Despite the rave reviews, I initially skipped reading Michael Pollan’s How to Change Your Mind. Having already read a fair deal on psychedelics, I figured I knew enough on the subject. But the author’s interview with Tim Ferris intrigued me, so I gave the audiobook a try. And I’m glad I did. It was definitely the best book I read in all of 2018, and there’s been takeaways that have stuck with me now more than a year later.
Psychedelics is a subject loaded with mania, fear, and political baggage, and Pollan handles the subject with what feels like the right mindset: skeptical curiosity and cautious reverence. Regardless of how it handles its taboo subject, How to Change Your Mind is a good book in its own right; I found it difficult to put down. Michael Pollan is an exquisite writer, and his beautiful narration in the audiobook only adds to the book’s richly felt, considered prose. I recommended the book to a few friends (including one not previously sold on psychedelics’ merits), and they loved it.
What stuck with me most was Pollan’s description of how psychedelics forge new neural connections. He likens this phenomenon to tracks in snow:
On ground covered by fresh snow, you chart your path freely. But as the snow becomes more and more well-traveled, trenches of tracks appear that you’re likely to follow. As the snow rises and tracks become deeper, it becomes quite difficult to veer from the well-worn paths.

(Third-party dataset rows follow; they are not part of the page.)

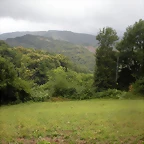 DSCN4731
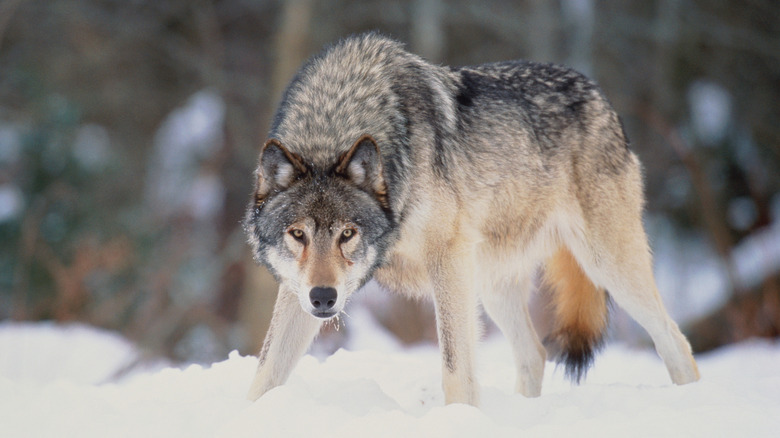 A grey wolf stand alert in a winter field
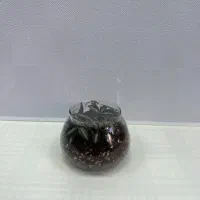 تراریوم مدل خورشید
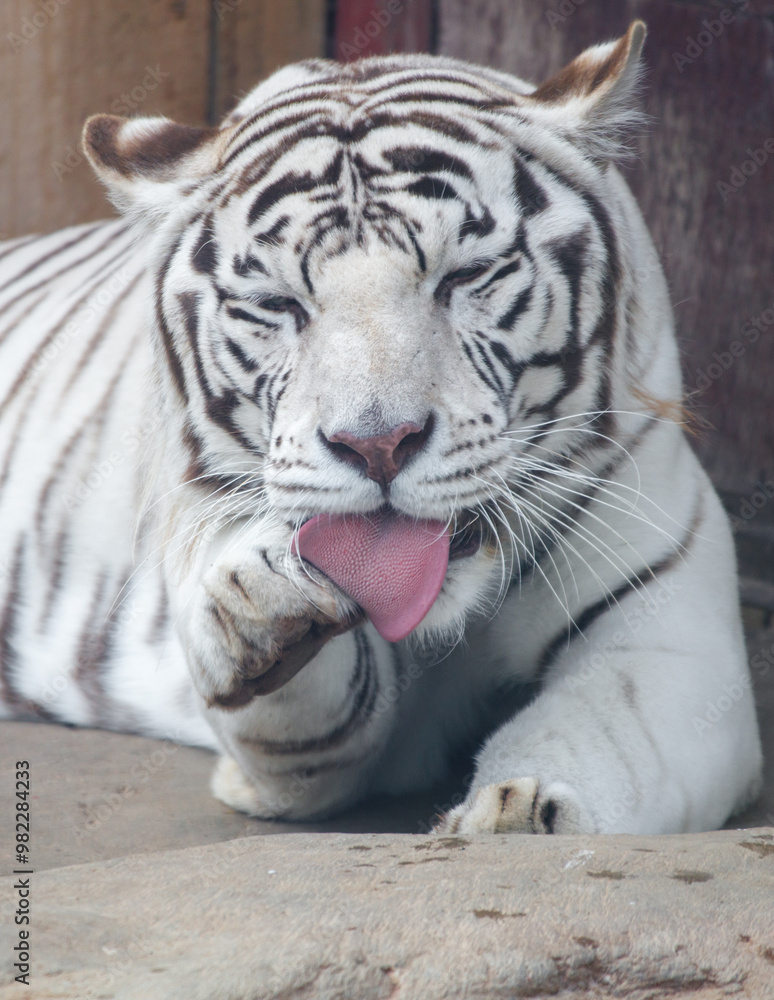 Fototapeta premium An albino tiger licks its paw
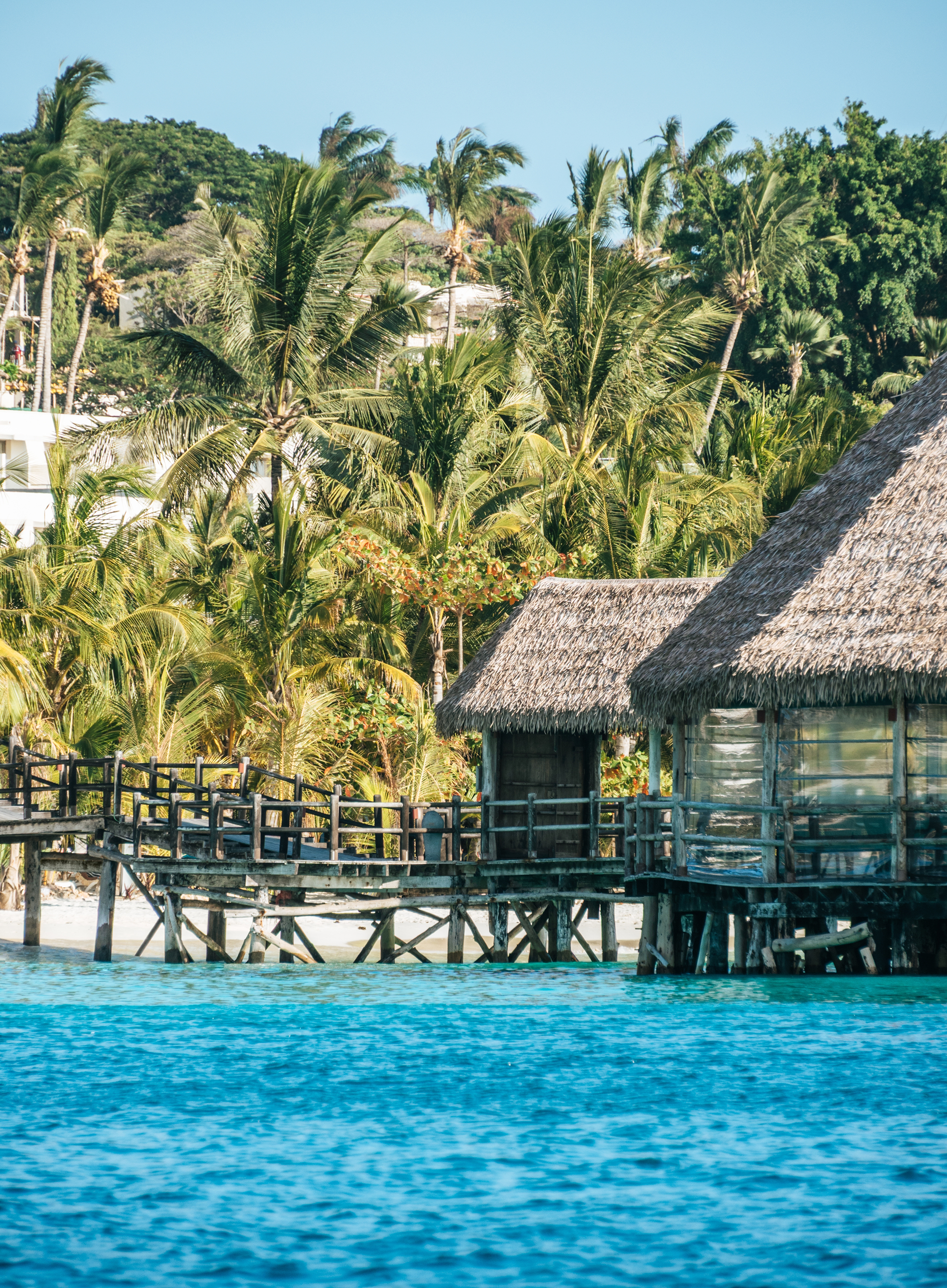 Shutterstock 2600752273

Similarly, your thoughts and actions tend to follow the same neural pathways over and over. For example, you experience an unpleasant situation and immediately light up a cigarette. Your well-trodden neural path goes from the awareness of anxiety to the impulse to fumble for matches. You could do something else, but the path is so well-worn that it takes heroic effort to forge an alternate route.
Interestingly enough, one study showed that a psilocybin session was more effective than other treatments for smoking cessation. One participant in that study said she stopped smoking because in the session she realized: “My lungs are precious” (such seemingly stupid platitudes are common takeaways from psychedelic experiences). Finding a fresh perspective could make sense in light of the idea that psychedelics form new neural connections deep in the brain, and a new neural connection could give you the sense of a new understanding or new way of looking at things.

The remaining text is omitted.